Le silence est encore prégnant lorsqu’Emmanuel Macron prend la parole. «Robert Badinter. La République faite homme. La vie contre la mort», clame le chef de l’État devant la foule émue. «Les morts nous écoutent. Robert Badinter, vous nous écoutez désormais et vous nous regardez. Conscience morale que rien n’efface, pas même la mort. Et vous nous quittez au moment où vos vieux adversaires, l’oubli et la haine, semblent comme s’avancer à nouveau. Vos idéaux, nos idéaux sont menacés, met en garde le président. Alors je fais le serment d’être fidèle à vos serments et votre engagement.»

«le corps part, mais sa mémoire reste» : émotion lors de l’hommage à robert badinter place vendôme

La parole présidentielle est suivie de longs applaudissements. Des mots «justes», salue Françoise, 65 ans, un propos d’une «sobriété qu’il aurait voulue», renchérit Samuel, 25 ans, doctorant qui a correspondu avec Robert Badinter. «Le président n’a pas cherché à tirer d’idéologie, ou ne s’est pas emparé d’une vie qui n’est pas la sienne. Je lui en sais gré», souligne-t-il. «C’était difficile d’évoquer la totalité d’une vie si dense.

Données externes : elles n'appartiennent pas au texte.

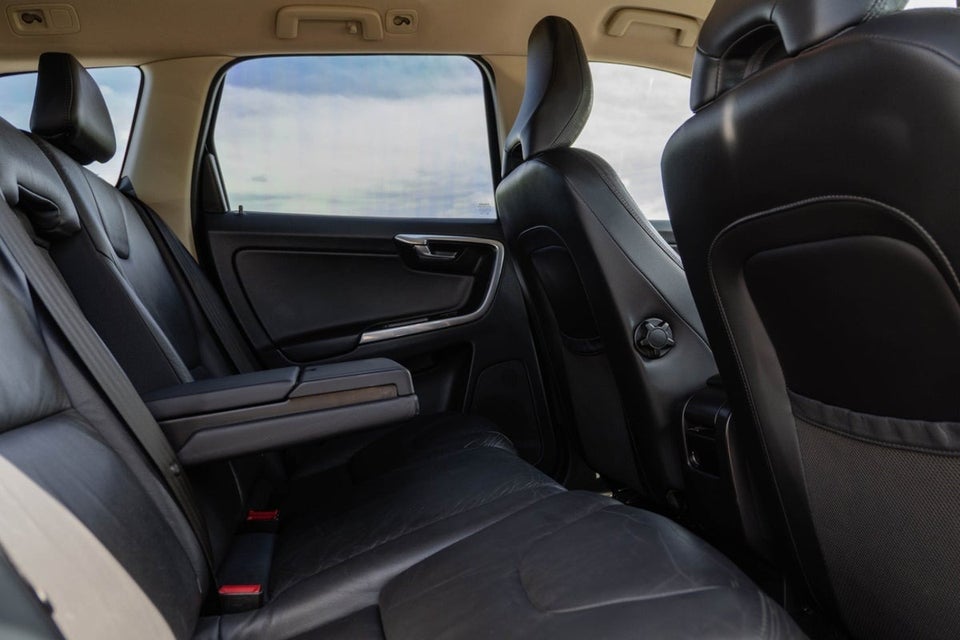 Volvo XC60 2,0 D4 163 Summum aut. 5d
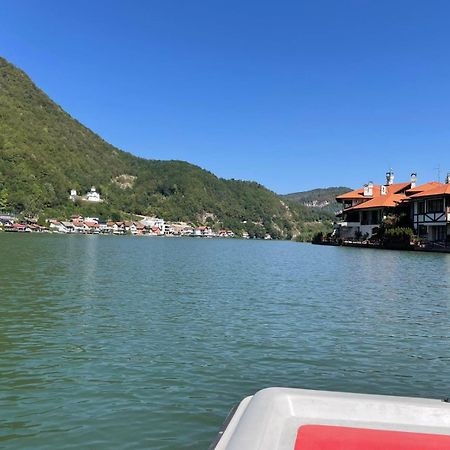 Vila Oaza - Zvornicko Jezero Zvornik Exterior photo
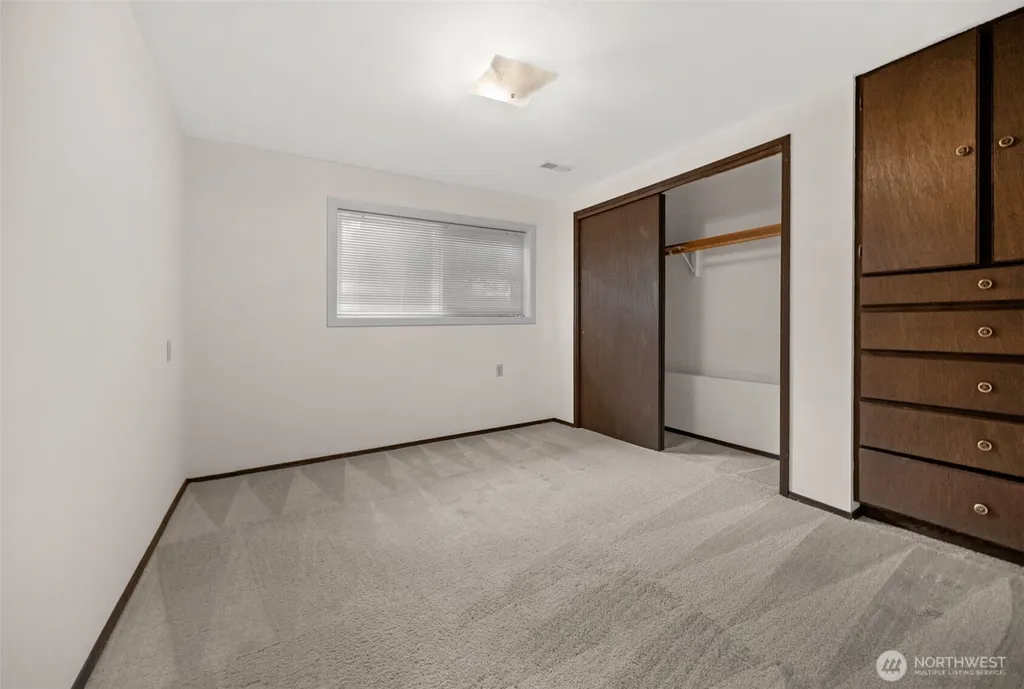 19122 34th Place S Seatac WA 98168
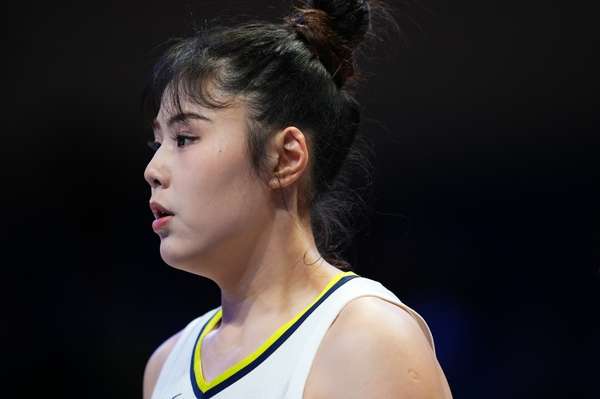 飞翼核心盛赞李月汝：天才球员惊艳首秀 15篮板创生涯新高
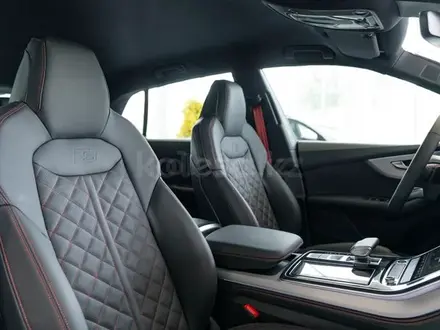 Audi Q8 55 TFSI Quattro Sport 2025 года за 58 149 000 тг. в Алматы – фото 40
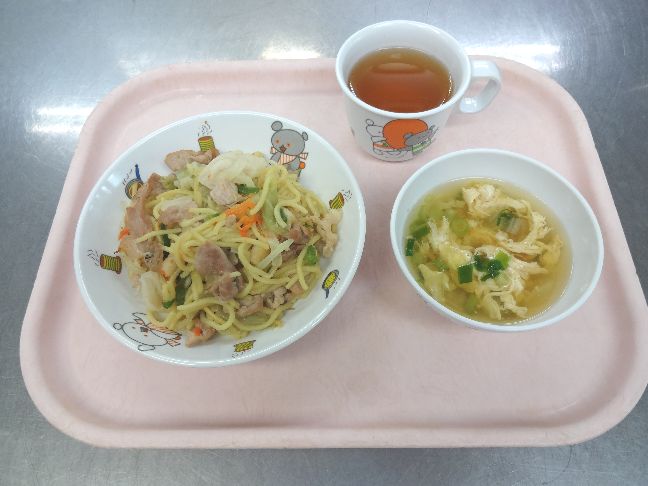 こども園の給食「<span>焼きそば かき玉汁 フルーチェ</span>」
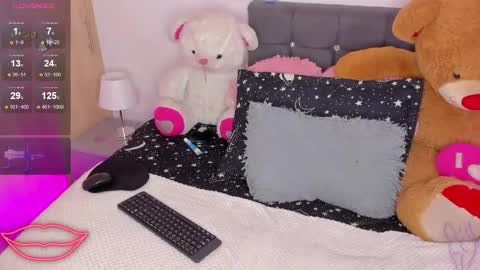  TAYSSA  ONLINE FROM 0630 PM - 1130 PM COLOMBIAN HOUR online show from September 25, 2025, 1:31 am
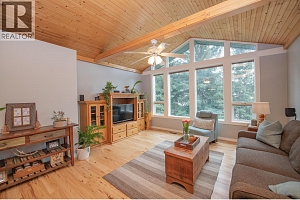 2506 Shuswap Avenue - Photo 5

Mais l’essentiel a été dit», conclut Florent, réajustant sa veste en tweed.

«C’est un chagrin que de perdre un repère», confie Françoise. «Badinter nous oblige. Il nous exhorte à lutter pour la paix, la fraternité – et par les temps qui courent, c’est plus que jamais nécessaire», souffle la sexagénaire. À ses côtés, Jade, 27 ans, pleure cette «belle figure de la gauche». Mais la jeune socialiste refuse de parler de perte. «C’est un legs. Un héritage. Le corps part, mais sa mémoire reste.»